But now consider a proton absorbing a photon with an energy of 294 MeV and transitioning to a delta particle (specifically to the $\Delta^+$). It will eventually decay back to a proton and release the 294 MeV, but this is a huge amount of energy. For comparison medical X-ray photons have an energy of a few tens of keV, so the energy released in a delta particle decay is ten thousand times greater.

And in particle reactions energy can be converted to matter in accordance with Einstein's famous equation $E=mc^2$, so while the decay could release the 294MeV as a photon it could also convert some of that energy to particles and release the particles instead. An electron has a mass of only 0.511 MeV, a muon is 106 MeV and a pion is 135 MeV so the energy could be converted to any of these particles as well as a photon. The result is that there are lots of different ways a delta particle can decay, and it is a general rule that in particle physics if a process can happen then it does happen. It's just a matter of what the probability of the process is.

The various ways particles can decay are tabulated in the particle data group handbook. For the delta that we get by exciting a proton (1232 MeV mass) the most probably decay is to release a pion. The 294 MeV decay energy goes into the mass of the pion and the kinetic energy of the pion and proton after the decay. The next most probably decay is to release a photon, but this happens only 1% of the time.

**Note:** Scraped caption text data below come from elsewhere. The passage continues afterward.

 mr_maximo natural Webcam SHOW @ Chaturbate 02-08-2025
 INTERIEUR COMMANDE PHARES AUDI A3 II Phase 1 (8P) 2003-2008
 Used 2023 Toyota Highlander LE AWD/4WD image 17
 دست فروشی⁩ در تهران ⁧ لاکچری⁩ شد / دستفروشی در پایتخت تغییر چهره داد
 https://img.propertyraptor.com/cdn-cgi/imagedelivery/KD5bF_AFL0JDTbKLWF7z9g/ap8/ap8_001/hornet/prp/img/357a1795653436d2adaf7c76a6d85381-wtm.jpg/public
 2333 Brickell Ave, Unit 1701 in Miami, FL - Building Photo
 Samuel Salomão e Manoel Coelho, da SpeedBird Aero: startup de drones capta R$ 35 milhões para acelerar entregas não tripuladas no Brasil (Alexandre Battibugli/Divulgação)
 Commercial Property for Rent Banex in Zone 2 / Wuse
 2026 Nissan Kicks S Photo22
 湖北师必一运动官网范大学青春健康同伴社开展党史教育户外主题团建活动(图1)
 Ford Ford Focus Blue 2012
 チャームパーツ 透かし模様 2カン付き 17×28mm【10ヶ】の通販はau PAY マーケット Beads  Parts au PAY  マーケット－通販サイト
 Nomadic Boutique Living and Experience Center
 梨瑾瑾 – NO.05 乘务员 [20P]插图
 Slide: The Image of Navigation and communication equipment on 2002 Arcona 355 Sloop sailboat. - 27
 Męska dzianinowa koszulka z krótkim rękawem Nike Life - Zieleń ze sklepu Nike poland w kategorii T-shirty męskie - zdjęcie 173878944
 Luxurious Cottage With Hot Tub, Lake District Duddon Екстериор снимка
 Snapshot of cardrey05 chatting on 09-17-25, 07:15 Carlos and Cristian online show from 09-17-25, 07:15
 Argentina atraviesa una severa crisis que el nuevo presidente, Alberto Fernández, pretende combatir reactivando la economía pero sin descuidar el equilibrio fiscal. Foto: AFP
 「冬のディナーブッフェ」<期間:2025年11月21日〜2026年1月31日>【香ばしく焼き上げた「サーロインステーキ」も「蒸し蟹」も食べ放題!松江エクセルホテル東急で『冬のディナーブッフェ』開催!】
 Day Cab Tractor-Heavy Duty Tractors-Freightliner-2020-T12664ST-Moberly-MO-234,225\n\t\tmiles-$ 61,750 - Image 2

The PDG doesn't list any other decay options for the 1232 MeV delta. There may be other decay modes that are so unlikely they are never observed. The delta is only the lowest excited state of a proton and there are many other higher energy states. See the question Can neutrons and protons have excited states? for more on this. The higher energy states have even more energy and therefore even more different ways to decay.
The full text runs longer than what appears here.